Accounts Payable will be triggered once the billing invoice is received requesting payment.  Inventory will be triggered once the item is received, having received a goods receipt from the delivery and Treasury will submit the payment.  Of course, to ensure that everything matches there is a three-way reconciliation to check that the vendor name, quantities and totals all match, PO and Invoice, Goods Receipt to PO, and Invoice to Goods Receipt. This is all just part of the process.  Some of these activities will be manual, some will be automated.  All are to ensure that items ordered and payments are actually received, in the proper totals, and documented in case a future audit requires verification.

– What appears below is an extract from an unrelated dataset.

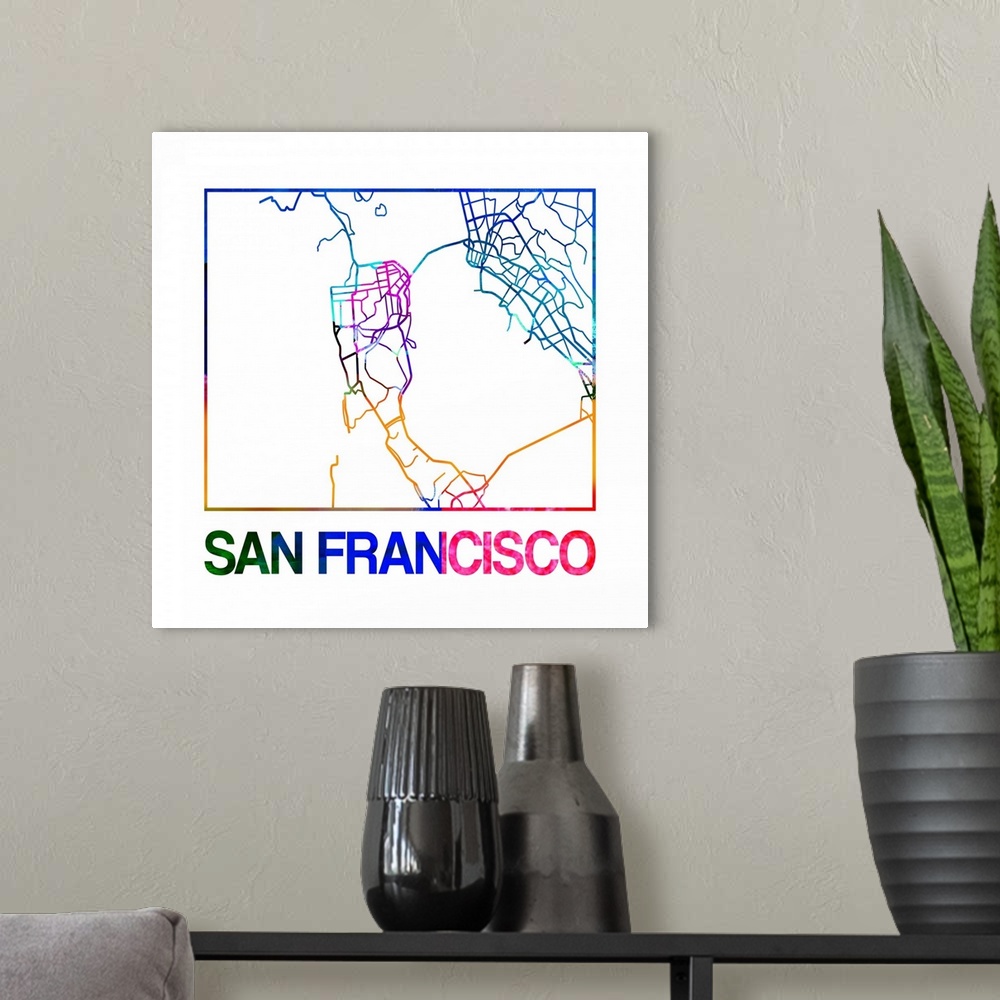 A modern room featuring Colorful map of the streets of San Francisco, California.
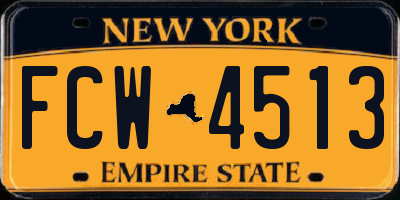 NY license plate FCW4513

If you are familiar with these processes, then perhaps you are beginning to identify other areas for which you document activities and there are levels of checks, reconciliations and approvals.  Inventory counts, fixed assets inventory checks, equipment checks, customer returns and refunds, month-end and annual accounting closes, expense account purchases, any area that involves assets is a good place to begin your search for control processes; or perhaps these are areas that lack processes and could use control procedures.  Since controls are an integral part of a risk management system, the same steps of identifying and assessing are required and may simply follow from a comprehensive risk assessment.
10 Steps for Effective Internal Controls
   (Institute of Management Accountants)
  1. Establish a Strong Control Environment (Tone at the Top)
  2. Conduct a Comprehensive Risk Assessment
  3. Implement Control Activities
  4. Segregation of Duties
  5. Document Policies and Procedures
  6. Communicate Information
  7. Leverage Technology and Automation
  8. Conduct Continuous Monitoring for Effectiveness
  9. Evaluate and Remediate Deficiencies 
  10. Provide Training and Ensure Accountability
 As with any change, there must be an effort to implement change management and an assigning of responsibility and accountability.  For this reason, many use the IT and programming RACI model for communicating of information, monitoring and assignment of roles.  
R - Responsible

The person or people who perform the work or execute the control. There can be multiple individuals designated as responsible for a single task.

A - Accountable

The single individual who is ultimately answerable for the correct and thorough completion of the control. This person has the final authority and must approve the work. Best practices within RACI is that only one person should be accountable for each task to ensure clarity.

C - Consulted

The people or groups whose opinions are sought before a decision is made or a task is executed. This is a two-way communication to leverage their expertise or insight.

​I - Informed

The individuals who are kept up-to-date on the progress or outcome of a control. This is typically a one-way communication to ensure they are aware of the status.
Implementation of a control system is an involved task, but necessary as it is required for public companies to implement some risk management framework due to the benefits gleaned from its execution.  While there are many frameworks to assist in the development and planning for controls, the method for application is going to depend on your processes that may be industry specific, may involve more manual than technological, and may be impacted by the  size of the company.  There is a certain amount of art to the design and implementation of controls due to these factors, but also because you do not want to implement process that may be cost prohibitive and so a control at one point in a process that would be costly may have to be minimal and a secondary control, more comprehensive, implemented at another point where the cost is acceptable.  In the end, the point is to attempt to achieve the goal of operational integrity and trusted financials so that the financial that are presented are objective and or fair value.  If you are certain your figures well-represent your company period to period then you may have a solid foundation of controls and may benefit from an external audit.